本コレクションは米国国立公文書館が所蔵する国務省一般記録群(RG59)のセントラル・ファイルの中から、米露・米ソ通商貿易関係に関する外交文書約37,000ページを収録するものです。
米国企業は帝政時代のロシアに積極的に投資を行ない、ロシア経済の近代化、工業化に大きな役割を果たしました。中でも、農機具メーカーのインターナショナル・ハーベスター社(International Harvester)とミシンメーカーのシンガー社(Singer)はロシアで事業展開した企業の中でも最大規模の2社であり、シンガー社は90%の市場シェアを有する独占的地位を有していました。
帝政末期、ロシアでユダヤ人に対する迫害が生じる中で、米国世論の対露感情が悪化したことが一因となって、米国議会は1832年締結の米露通商条約を1912年に破棄しますが、実質的には両国の通商関係はほとんど影響を受けることはありませんでした。しかし、米露通商関係はロシア革命によって変更を余儀なくされます。ロシアにおける共産主義政権の誕生により、両国の外交関係は断絶し、ソビエト政権において外国貿易は国家の管理下に置かれます。
外交関係は途絶えたものの、両国の通商関係は一定の規模で継続しました。1920年代の米ソ通商関係はアーマンド・ハマー(Armand Hammer)の存在を抜きに語ることはできません。ロシア系移民三世で、医者から製薬ビジネスに転身したハマーは革命後の混乱期にロシアに渡り、食糧や物資の提供という形で救援の手を差し伸べます。レーニンらソビエト指導部の要人とも面会し、ソ連国内における米国製品の販売利権を獲得し、フォード社ら米系企業の対ソ輸出拡大に寄与しました。
ハマーは米ソの合弁会社アムトルグ貿易会社(Amtorg Trading Corporation)の設立にも関わり、米ソ間の貿易振興を図ります。アムトルグ貿易会社は米国製品の対ソ輸出に関しては、他の米国企業と競合する立場にあったのに対して、ソ連製品の米国への輸出に関しては独占的地位を確保しました。同社はソ連では外国貿易人民委員部の管理下に置かれ、対米貿易代表部として機能しました。
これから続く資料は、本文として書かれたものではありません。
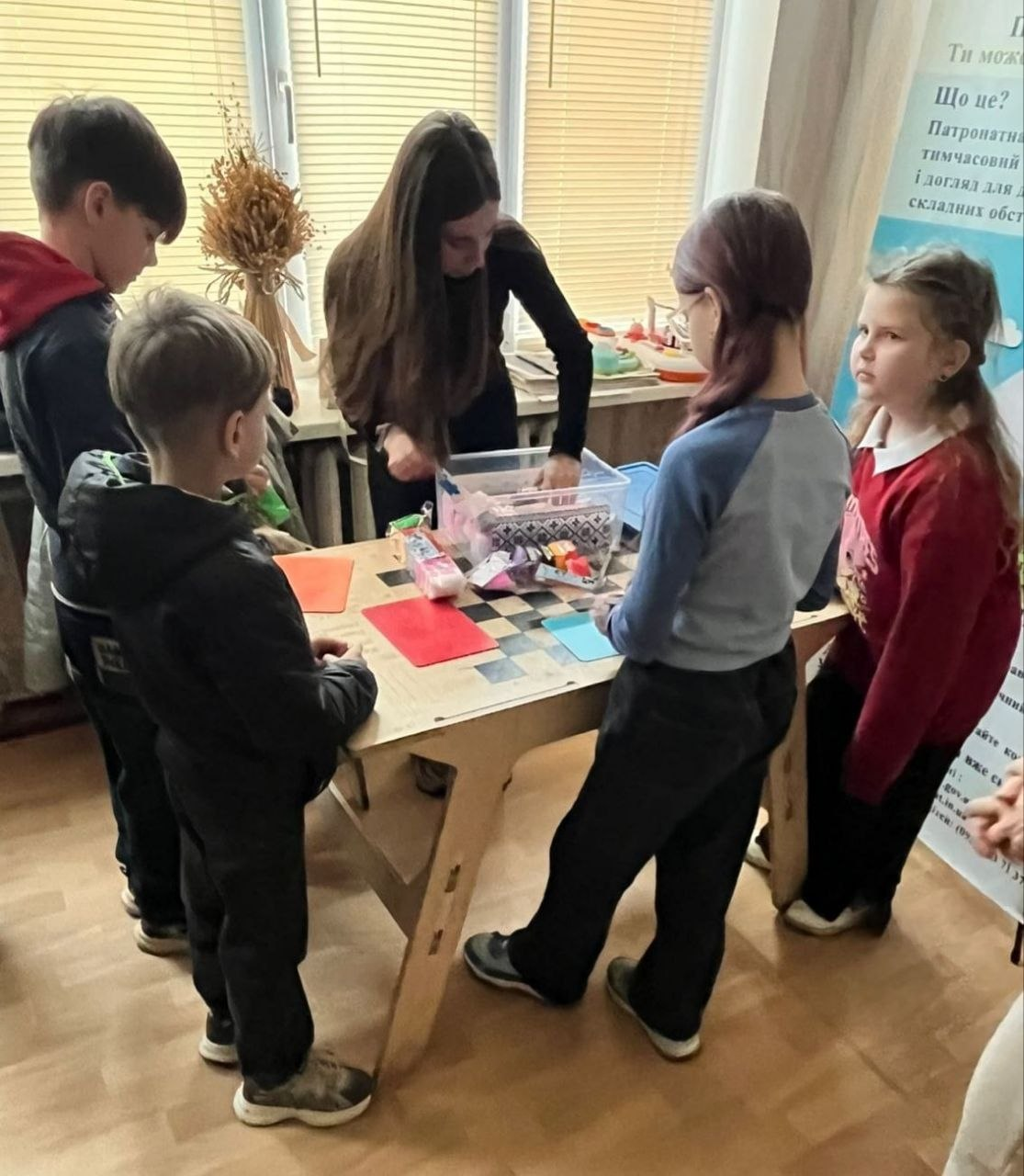 Група дітей зібралася навколо столу, за яким дівчина-підліток дістає приладдя для творчості з прозорого контейнера. На столі лежать кольорові аркуші паперу та канцелярські товари. На задньому плані видно вікно з жалюзі, дідух на підвіконні та інформаційний банер про патронатну допомогу.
1930年代になると経済一辺倒だった米ソ関係に変化が生じます。大恐慌の嵐が吹き荒れる中、フランクリン・ルーズベルト大統領は就任早々の1933年、国内の雇用創出政策の一環としてソ連への輸出促進を図る目的で、ソ連を外交的に承認、米ソ外交関係を正式に樹立、1935年には通商協定を提携します。しかし、米ソ間の貿易は当局の期待通りには増加しませんでした。1920年代から1930年代にかけての主要貿易品を見ると、米国からは工作機械、電炉、鋼板、合金鉄等の工業製品が対ソ輸出の大きな比重を占めたのに対して、ソ連からはプラチナ、マンガン鉱石、クローム鉱石、無煙炭、薬草、植物油、毛皮、獣皮等の一次産品が対米輸出の中心でした。米国の貿易全体に占めるソ連との貿易は輸出、輸入ともに極めて少ない水準で推移しました。
第二次大戦が勃発すると、両国の経済関係は新たな局面を迎えます。米国でレンドリース法が成立し、連合国に対して武器や物資を貸与する体制が整いました。ソ連に対しては武器、弾薬、軍装備品から食糧品、鉄鋼、毛織物、綿織物、鉄道車両、船舶等、広範囲の物資が貸与され、貸与品の総額は大戦終了時までに100億ドル近くに達しました。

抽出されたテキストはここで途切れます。